DATASET CONTENT =>
------------------------------------

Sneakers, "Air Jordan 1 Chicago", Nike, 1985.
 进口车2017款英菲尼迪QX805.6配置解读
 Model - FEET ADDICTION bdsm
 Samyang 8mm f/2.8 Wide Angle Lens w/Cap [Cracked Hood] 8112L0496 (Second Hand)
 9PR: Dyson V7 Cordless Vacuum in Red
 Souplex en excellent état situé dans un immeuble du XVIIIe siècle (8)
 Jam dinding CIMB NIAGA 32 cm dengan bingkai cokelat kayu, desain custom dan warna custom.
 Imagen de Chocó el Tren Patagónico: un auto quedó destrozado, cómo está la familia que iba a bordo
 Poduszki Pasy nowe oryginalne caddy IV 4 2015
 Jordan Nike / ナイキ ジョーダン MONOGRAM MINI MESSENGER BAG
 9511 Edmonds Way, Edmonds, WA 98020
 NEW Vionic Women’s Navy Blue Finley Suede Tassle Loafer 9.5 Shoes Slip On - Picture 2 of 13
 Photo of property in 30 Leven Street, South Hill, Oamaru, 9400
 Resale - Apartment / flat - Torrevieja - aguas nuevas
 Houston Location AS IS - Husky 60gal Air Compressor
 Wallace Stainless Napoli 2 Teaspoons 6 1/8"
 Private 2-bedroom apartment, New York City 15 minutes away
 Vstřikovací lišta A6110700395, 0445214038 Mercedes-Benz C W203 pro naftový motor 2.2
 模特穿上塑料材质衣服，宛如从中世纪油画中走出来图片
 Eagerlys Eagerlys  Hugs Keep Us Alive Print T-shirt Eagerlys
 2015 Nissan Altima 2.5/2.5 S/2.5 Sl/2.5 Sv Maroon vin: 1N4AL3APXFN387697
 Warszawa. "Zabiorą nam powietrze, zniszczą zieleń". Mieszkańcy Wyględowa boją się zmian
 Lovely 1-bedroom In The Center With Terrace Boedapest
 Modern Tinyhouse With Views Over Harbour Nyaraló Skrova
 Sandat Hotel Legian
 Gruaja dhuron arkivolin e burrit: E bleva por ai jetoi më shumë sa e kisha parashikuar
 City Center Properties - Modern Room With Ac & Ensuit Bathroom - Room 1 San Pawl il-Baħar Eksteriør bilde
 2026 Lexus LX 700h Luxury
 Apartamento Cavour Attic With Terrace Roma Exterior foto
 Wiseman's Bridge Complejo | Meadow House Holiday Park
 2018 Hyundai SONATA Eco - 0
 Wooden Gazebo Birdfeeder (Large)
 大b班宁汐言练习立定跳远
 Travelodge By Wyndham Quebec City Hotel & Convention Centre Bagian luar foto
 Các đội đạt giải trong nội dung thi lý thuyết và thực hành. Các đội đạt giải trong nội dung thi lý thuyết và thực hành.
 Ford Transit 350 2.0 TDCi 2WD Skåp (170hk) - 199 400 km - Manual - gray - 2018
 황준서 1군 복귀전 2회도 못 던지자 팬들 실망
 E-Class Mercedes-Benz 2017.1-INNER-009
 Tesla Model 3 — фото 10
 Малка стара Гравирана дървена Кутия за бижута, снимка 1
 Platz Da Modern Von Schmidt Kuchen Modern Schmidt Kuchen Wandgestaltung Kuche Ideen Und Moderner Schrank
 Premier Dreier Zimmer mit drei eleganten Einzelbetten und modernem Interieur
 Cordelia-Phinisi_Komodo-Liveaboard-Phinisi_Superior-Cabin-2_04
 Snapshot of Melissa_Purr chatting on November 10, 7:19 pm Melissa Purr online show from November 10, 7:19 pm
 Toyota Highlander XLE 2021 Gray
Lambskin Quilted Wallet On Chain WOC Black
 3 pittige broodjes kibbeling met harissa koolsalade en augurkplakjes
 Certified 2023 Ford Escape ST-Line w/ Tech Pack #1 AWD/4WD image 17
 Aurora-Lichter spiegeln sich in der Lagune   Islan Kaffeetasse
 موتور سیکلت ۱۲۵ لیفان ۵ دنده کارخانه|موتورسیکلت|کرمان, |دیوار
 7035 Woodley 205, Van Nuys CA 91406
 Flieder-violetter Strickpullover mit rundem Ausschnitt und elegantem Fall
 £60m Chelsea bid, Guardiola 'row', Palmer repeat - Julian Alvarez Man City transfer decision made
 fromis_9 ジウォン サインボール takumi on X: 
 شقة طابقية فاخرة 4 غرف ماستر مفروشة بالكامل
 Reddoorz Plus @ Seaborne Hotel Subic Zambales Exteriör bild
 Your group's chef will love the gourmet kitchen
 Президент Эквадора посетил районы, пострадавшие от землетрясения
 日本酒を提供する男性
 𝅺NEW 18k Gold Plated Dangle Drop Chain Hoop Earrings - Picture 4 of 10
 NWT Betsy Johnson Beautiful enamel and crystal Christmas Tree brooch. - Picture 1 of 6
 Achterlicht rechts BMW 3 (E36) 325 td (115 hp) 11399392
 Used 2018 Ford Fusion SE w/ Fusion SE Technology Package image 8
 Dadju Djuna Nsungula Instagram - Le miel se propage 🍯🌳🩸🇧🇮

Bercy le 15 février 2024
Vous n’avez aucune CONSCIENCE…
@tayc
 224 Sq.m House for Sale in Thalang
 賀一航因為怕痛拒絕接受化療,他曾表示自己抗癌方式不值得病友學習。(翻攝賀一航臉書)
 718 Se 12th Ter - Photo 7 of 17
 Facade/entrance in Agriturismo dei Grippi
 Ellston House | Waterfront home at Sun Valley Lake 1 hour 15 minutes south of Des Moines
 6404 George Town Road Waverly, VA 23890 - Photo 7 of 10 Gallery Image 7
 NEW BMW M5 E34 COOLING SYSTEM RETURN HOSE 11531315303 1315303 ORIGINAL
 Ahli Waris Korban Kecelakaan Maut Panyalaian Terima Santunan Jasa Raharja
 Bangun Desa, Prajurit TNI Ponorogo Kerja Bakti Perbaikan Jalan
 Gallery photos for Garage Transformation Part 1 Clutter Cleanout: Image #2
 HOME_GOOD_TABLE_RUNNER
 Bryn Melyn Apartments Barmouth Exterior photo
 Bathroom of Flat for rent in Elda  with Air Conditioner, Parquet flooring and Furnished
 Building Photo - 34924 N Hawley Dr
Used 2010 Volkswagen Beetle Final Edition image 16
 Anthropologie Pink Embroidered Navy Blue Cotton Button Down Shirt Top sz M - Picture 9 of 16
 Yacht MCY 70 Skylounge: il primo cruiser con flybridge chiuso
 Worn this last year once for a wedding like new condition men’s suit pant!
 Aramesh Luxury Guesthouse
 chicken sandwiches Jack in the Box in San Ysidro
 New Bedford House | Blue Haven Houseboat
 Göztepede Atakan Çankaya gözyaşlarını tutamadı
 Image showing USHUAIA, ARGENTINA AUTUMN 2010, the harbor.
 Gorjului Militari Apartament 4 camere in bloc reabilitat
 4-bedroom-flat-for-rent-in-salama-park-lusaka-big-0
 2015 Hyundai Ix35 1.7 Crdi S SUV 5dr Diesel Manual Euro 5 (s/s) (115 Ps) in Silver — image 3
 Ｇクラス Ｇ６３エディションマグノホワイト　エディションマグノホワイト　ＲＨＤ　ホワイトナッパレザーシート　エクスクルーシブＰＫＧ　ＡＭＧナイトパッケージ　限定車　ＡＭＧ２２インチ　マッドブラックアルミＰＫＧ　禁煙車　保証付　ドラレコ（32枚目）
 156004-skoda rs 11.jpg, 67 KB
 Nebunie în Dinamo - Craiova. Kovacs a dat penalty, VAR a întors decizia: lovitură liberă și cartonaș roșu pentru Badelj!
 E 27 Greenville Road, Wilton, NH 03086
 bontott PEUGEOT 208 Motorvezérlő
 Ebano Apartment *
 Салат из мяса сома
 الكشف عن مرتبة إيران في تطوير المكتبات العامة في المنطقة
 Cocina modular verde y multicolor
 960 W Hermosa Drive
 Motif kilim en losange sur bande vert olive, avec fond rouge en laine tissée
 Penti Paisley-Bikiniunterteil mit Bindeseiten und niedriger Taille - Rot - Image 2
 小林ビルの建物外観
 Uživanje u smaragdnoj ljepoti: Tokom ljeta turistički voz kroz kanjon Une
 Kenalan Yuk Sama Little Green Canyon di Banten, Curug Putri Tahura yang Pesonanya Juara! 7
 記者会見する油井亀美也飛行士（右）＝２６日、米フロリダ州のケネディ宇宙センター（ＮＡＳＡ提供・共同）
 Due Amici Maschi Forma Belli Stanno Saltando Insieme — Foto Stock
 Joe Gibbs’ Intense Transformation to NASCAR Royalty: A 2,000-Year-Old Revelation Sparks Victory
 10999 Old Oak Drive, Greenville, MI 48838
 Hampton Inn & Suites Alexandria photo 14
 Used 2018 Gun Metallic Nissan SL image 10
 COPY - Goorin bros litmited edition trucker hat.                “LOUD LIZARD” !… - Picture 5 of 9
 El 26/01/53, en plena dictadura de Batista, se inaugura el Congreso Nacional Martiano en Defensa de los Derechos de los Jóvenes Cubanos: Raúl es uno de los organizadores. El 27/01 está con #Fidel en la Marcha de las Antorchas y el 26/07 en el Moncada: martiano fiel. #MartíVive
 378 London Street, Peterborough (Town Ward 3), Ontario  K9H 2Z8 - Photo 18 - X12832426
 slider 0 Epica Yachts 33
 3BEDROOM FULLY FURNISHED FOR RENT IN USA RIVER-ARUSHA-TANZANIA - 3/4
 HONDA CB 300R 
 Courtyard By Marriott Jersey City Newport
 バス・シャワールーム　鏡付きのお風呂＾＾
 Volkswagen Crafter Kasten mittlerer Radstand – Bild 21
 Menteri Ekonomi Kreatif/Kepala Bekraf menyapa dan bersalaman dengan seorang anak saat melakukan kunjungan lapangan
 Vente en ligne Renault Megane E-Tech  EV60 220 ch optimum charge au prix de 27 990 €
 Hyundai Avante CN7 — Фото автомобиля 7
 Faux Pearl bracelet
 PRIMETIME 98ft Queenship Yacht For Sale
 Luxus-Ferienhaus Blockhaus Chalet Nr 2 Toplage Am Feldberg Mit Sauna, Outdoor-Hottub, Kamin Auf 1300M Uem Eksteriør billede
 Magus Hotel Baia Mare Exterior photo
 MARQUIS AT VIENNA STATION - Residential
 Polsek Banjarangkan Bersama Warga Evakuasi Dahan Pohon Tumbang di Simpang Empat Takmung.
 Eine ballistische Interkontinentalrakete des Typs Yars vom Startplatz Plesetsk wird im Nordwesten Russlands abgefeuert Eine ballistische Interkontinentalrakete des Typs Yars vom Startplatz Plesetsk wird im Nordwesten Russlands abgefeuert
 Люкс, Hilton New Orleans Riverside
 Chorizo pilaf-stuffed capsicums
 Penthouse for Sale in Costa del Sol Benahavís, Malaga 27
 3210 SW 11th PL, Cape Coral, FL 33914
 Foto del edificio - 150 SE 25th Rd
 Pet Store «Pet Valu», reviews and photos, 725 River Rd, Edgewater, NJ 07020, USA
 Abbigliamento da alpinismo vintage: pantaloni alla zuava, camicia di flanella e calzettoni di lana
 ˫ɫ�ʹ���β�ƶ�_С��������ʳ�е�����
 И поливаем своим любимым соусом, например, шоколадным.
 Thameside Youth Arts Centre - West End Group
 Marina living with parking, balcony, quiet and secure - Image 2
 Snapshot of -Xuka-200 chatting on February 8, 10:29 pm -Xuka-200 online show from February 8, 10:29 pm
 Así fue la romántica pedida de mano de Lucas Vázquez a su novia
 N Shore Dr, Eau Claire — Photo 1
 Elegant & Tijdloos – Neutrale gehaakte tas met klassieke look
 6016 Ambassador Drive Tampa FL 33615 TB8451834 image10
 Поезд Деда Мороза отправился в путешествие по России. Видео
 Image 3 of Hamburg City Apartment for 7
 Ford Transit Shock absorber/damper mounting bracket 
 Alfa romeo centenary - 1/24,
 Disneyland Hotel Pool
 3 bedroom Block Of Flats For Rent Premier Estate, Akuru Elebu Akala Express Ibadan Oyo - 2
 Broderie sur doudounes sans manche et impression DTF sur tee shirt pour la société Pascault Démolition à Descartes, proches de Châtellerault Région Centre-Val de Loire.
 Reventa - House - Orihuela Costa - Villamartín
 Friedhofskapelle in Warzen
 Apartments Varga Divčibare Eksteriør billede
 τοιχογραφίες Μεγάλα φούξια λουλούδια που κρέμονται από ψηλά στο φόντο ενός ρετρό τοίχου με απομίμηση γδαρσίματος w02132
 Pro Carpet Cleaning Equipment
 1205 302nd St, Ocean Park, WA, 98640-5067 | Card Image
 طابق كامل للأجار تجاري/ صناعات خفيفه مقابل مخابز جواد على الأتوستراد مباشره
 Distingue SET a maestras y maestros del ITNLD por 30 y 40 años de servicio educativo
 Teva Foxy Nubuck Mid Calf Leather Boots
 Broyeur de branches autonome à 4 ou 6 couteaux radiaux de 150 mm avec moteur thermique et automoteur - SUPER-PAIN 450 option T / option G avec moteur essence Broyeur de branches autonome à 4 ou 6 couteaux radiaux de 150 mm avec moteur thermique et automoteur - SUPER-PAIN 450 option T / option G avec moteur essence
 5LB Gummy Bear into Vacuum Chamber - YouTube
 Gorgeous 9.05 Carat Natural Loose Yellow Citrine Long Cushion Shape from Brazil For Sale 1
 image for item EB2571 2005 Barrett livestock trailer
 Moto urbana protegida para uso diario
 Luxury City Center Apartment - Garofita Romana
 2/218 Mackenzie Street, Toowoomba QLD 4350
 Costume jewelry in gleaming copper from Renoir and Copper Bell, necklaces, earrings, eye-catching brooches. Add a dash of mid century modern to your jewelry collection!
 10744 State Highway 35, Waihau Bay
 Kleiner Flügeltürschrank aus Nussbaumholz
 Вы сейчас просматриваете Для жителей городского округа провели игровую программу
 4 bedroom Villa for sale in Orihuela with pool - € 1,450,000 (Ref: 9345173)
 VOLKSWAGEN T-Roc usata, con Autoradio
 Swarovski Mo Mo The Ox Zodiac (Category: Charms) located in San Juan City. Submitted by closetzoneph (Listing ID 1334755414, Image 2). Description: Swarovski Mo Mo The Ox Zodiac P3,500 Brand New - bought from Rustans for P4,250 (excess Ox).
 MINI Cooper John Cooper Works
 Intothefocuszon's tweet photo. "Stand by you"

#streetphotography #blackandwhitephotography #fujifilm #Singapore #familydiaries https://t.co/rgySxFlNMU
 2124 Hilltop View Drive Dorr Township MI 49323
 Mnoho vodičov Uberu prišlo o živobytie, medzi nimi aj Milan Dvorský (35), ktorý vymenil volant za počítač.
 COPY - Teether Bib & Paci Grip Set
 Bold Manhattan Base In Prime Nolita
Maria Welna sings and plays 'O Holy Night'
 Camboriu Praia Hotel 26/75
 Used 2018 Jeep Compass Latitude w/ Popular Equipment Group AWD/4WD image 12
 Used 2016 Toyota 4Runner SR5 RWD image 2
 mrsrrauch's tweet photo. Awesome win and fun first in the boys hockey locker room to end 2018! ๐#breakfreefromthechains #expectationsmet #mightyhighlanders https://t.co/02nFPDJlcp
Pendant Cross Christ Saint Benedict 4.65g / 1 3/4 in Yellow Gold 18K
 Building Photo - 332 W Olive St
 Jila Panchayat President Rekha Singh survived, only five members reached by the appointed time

------------------------------------

Show all lines from the entries that hold "Transit".

SOLUTION BELOW =>
 Ford Transit 350 2.0 TDCi 2WD Skåp (170hk) - 199 400 km - Manual - gray - 2018
 Ford Transit Shock absorber/damper mounting bracket 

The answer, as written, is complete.